Input data:

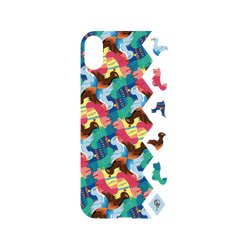 犀牛盾Mod NX手機殼 - iPhone XS Max - 【聯名設計款】 - MITSUME - Colorful animals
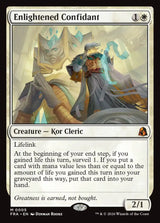 Enlightened Confidant (FRA 5) - Magic: The Gathering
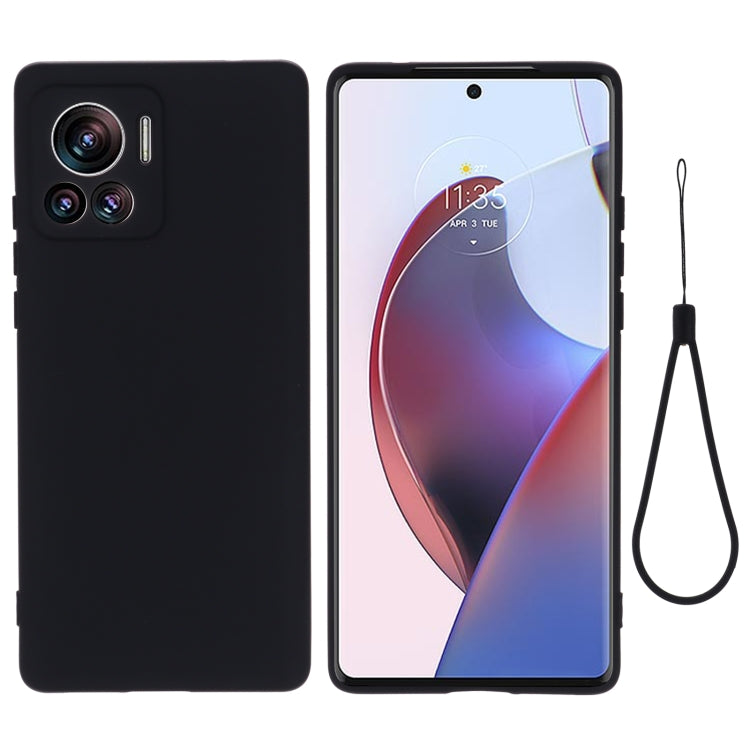 Pure Color Liquid Silicone Shockproof Phone Case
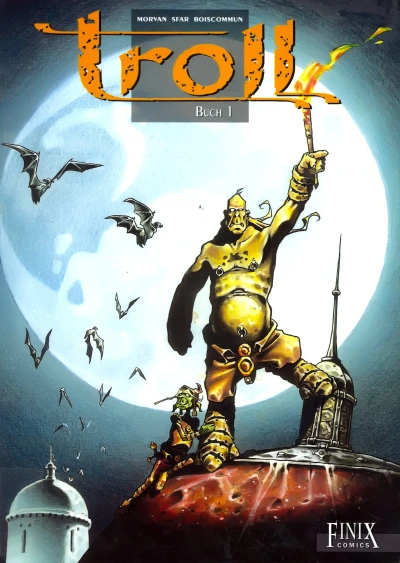 Troll - Gesamtausgabe (2013) - Series 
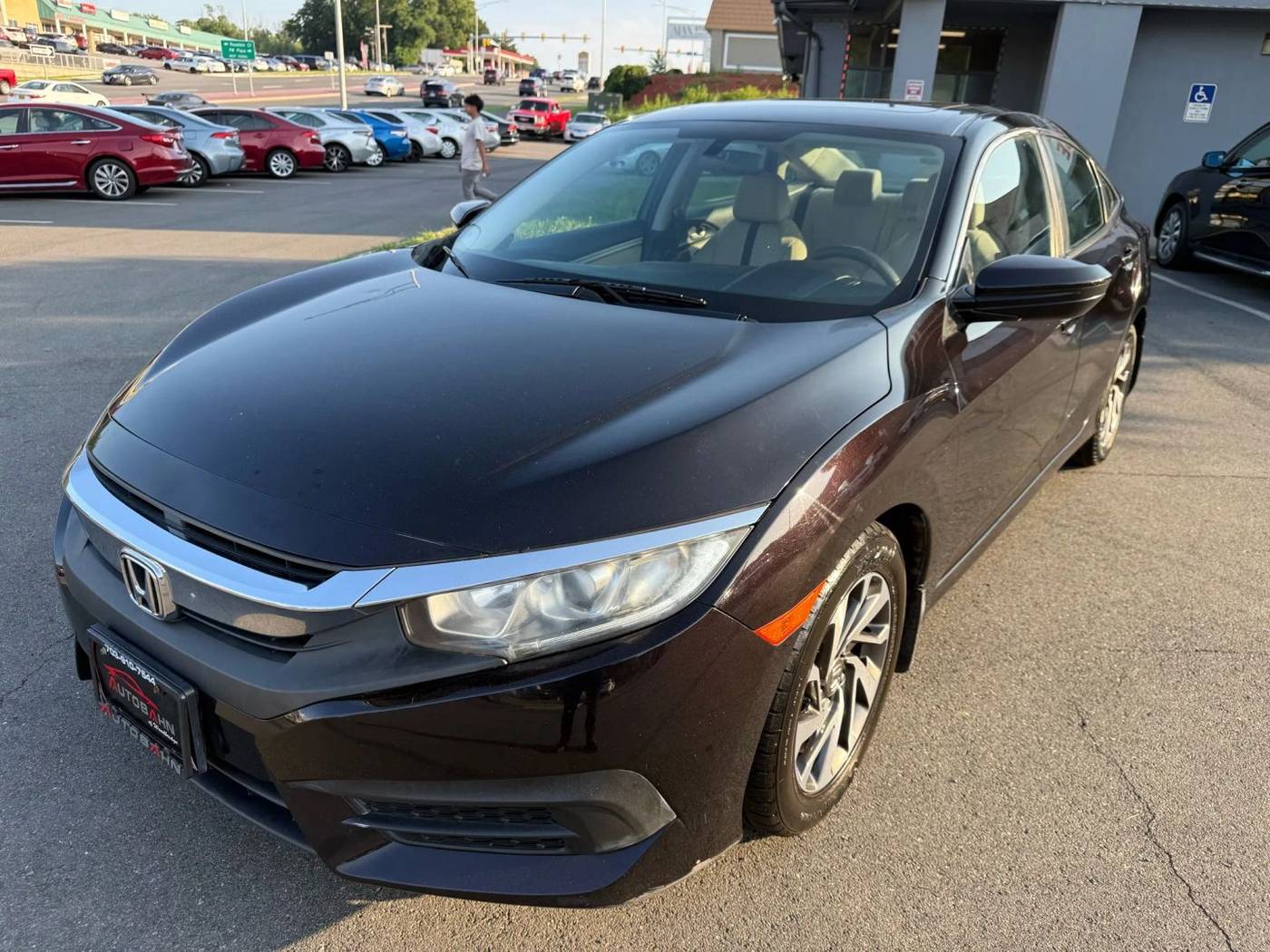 2016 Honda Civic EX — Sedan — 128,064 mi — Woodbridge, VA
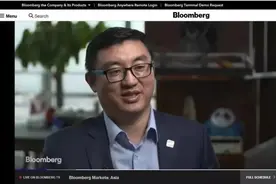 中国AI增速全球居首，深兰科技CEO陈海波对话彭博谈全球布局图片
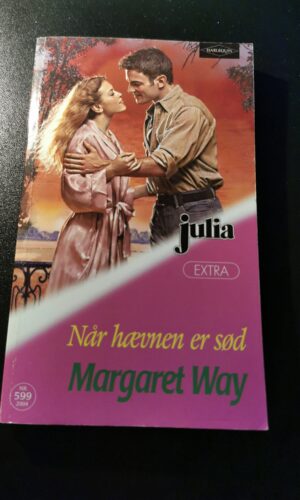Når hævnen er sød, Margaret Way, Julia, Harlequin, Nr. 599/2004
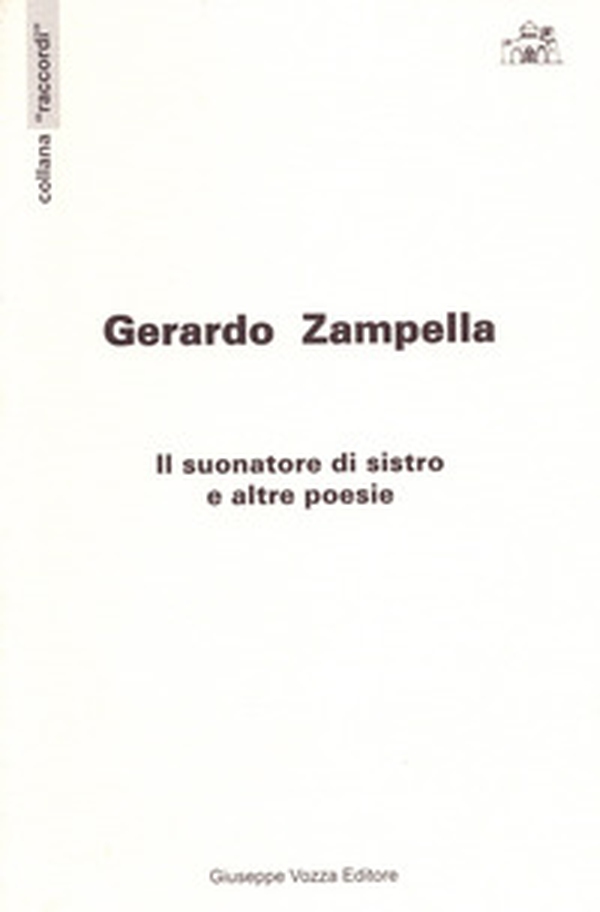Il suonatore di sistro e altre poesie - Librerie.coop Il suonatore di sistro e altre poesie - Librerie.coop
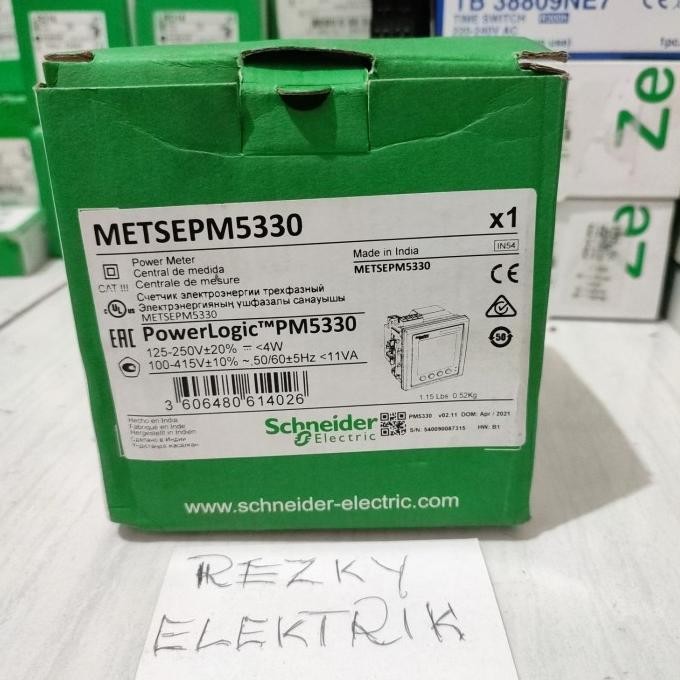 POWER METER SCHNEIDER METSEPM5330 PM5330 PM 5330 ORIGINAL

Work instruction: Please reproduce verbatim the lines from the line with "Enlightened Confidant (FRA" through the final line of the listing, inclusive of both ends. Omit all pictures.

Your solution:
 Enlightened Confidant (FRA 5) - Magic: The Gathering
 Pure Color Liquid Silicone Shockproof Phone Case
 Troll - Gesamtausgabe (2013) - Series 
 2016 Honda Civic EX — Sedan — 128,064 mi — Woodbridge, VA
 中国AI增速全球居首，深兰科技CEO陈海波对话彭博谈全球布局图片
Når hævnen er sød, Margaret Way, Julia, Harlequin, Nr. 599/2004
Il suonatore di sistro e altre poesie - Librerie.coop Il suonatore di sistro e altre poesie - Librerie.coop
 POWER METER SCHNEIDER METSEPM5330 PM5330 PM 5330 ORIGINAL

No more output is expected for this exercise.